A friend sent me this video and asked what I think of this versus charcoal.

[video=youtube;6ExJrfgJ8zU]https://www.youtube.com/watch?v=6ExJrfgJ8zU[/video]

Any one familiar with kind of thing and have some thoughts?


----------



## Bill13 (Mar 25, 2014)

I am familiar with the ones made by Cookshack, http://www.cookshack.com/store/Grills and they are awesome - but expensive. I have one of their smaller smokers, the sm-045 which I really like. Overall I like the concept but I don't see a big advantage when grilling. It is really helpful when smoking for long periods of time.


----------



## mhlee (Mar 25, 2014)

Zwiefel said:


> A friend sent me this video and asked what I think of this versus charcoal.
> 
> [video=youtube;6ExJrfgJ8zU]https://www.youtube.com/watch?v=6ExJrfgJ8zU[/video]
> 
> Any one familiar with kind of thing and have some thoughts?

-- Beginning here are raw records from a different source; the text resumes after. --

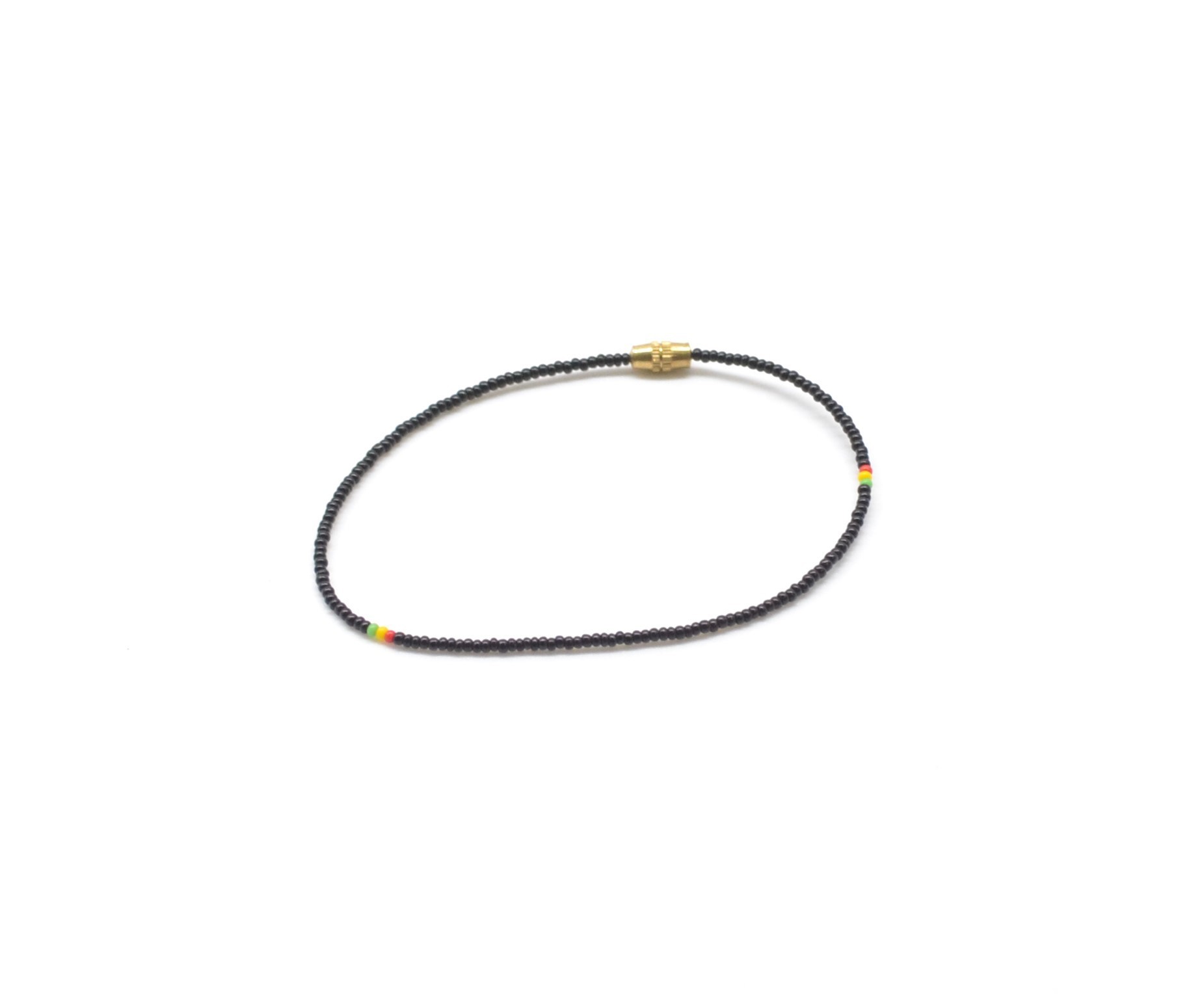 Bracelet de cheville en perles noires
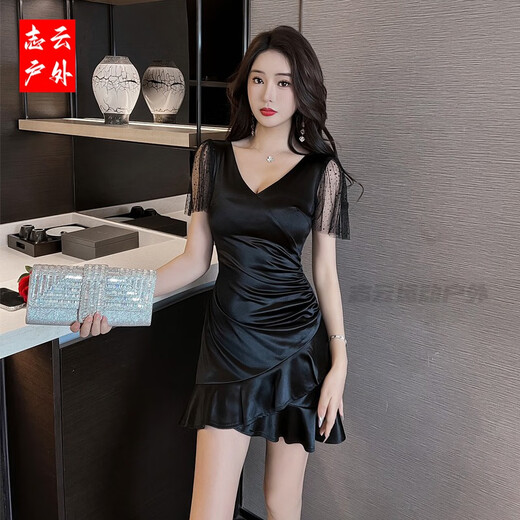 筏芯夜场工作服女夜总会连衣裙女深V礼服足疗足浴技师工作服性感包臀 3897黑色 S  建议80-95斤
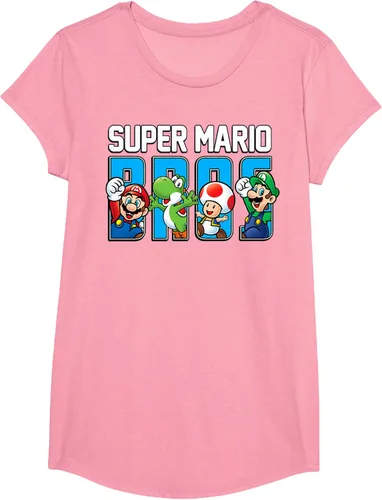 Vista 72 de Super Mario Bros Characters Letter Fill Graphic T-Shirt Camiseta, Negro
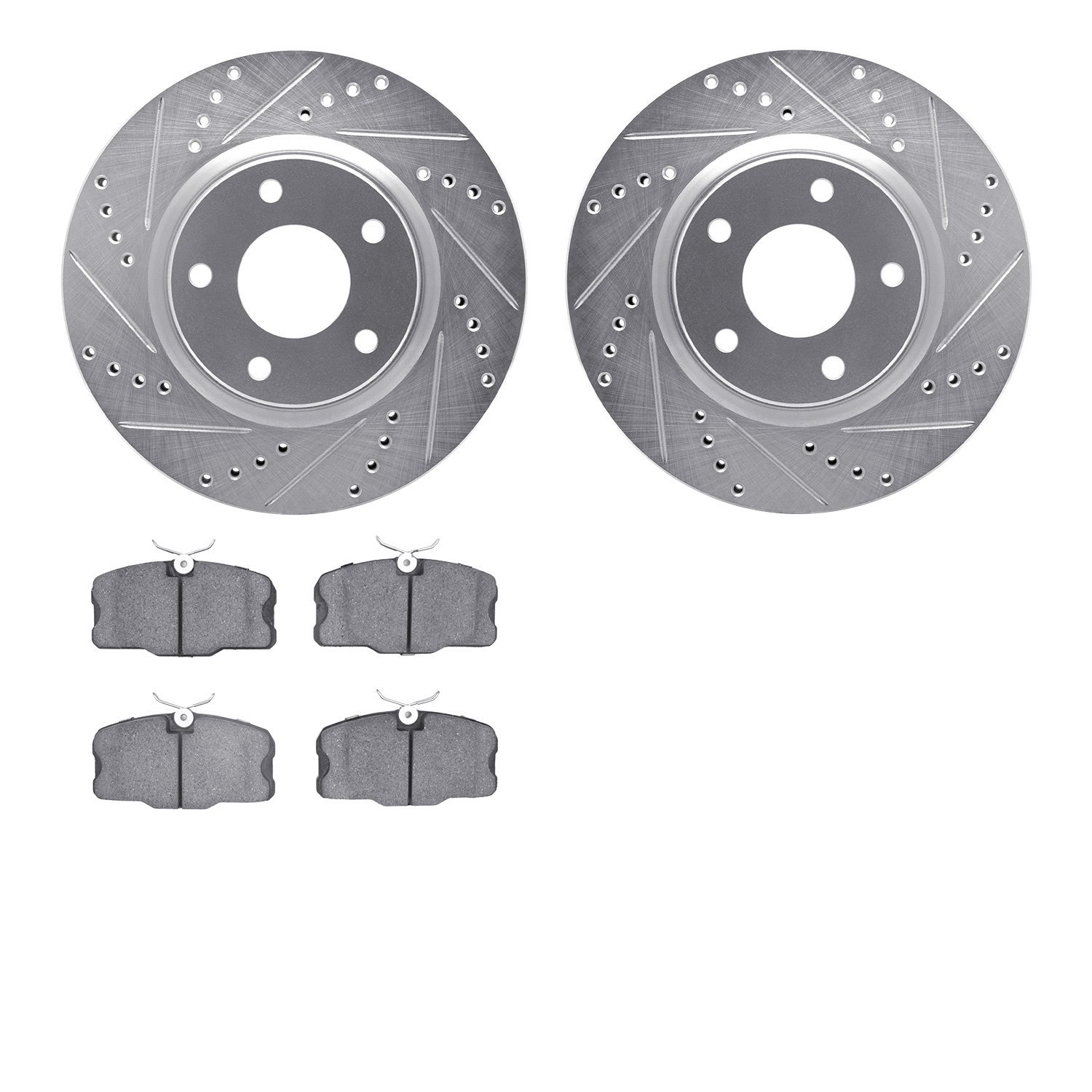7502-63152 Drilled/Slotted Brake Rotors w/5000 Advanced Brake Pads Kit [Silver], 1982-1985 Mercedes-Benz, Position: Front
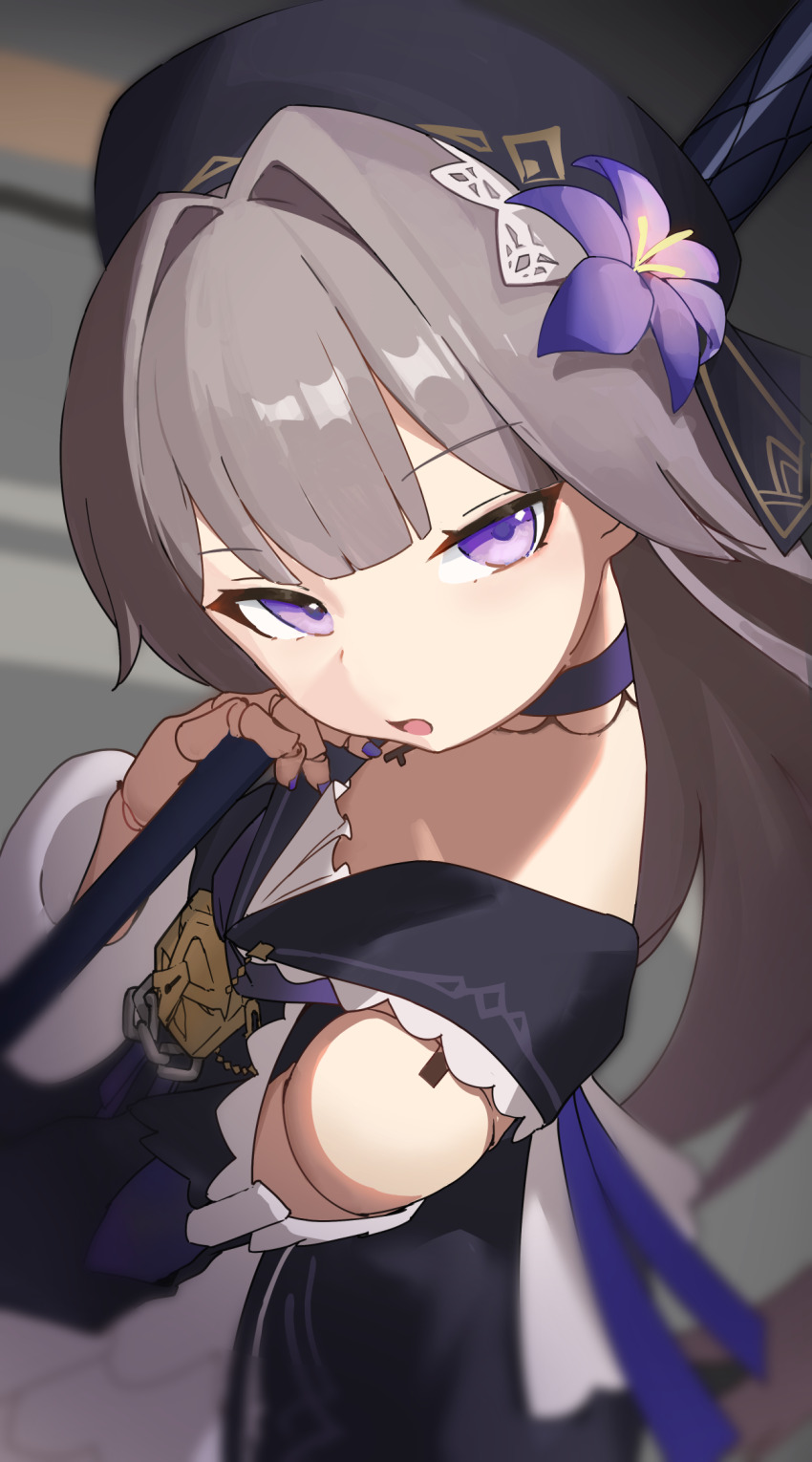 beret, blurry, brown_hair, choker, depth_of_field, detached_sleeves, doll_joints, flower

I've never used one, but seriously looked at several pellet cookers, including the larger Traeger models. Here are the pros in my opinion:

1. Easy to use - set it and forget it, or change temps on the fly simply - for cooking or smoking;
2. Pellets are generally easy to purchase;
3. Generally low maintenance;
4. Easy to reload and cook for long periods of time;
5. Light and easy to transport;
6. Low ash. 

Cons:

1. The small one has low capacity; if you're going to buy one, get the big one;
2. Not insulated;
3. Must use pellets and limited choices of pellets;
4. May not create enough smoke for barbecuing;
5. Doesn't get hot enough for pizza or super hot grilling;
6. Relies on electricity.


----------



## sw2geeks (Mar 26, 2014)

I have been cooking with one for years. Most of the stuff I post here is cooked on a traeger Texas grill. It functions best as a smoker and as a wood convection oven with its digital thermostat that maintains the temp in the grill by adjusting the amount of pellets being feed into the firepot. Just set it at a temp like 180 or 225, and it will smoke at that temprature for 12 hours unattended. Grilling is were it is a little weak as it has trouble maintaining high temps when you open and close the lid. I bought some grill grates and that really helped with raising the temp on the grill for grilling so that I now get nice grill marks on my steaks on the Traeger. The Cookshack grill has a better design than the traeger which makes it better at grilling, but cost a lot. If I get a new grill, I will probably try to save enough for the cookshack.


----------



## Zwiefel (Mar 26, 2014)

Thanks guys, great feedback!


----------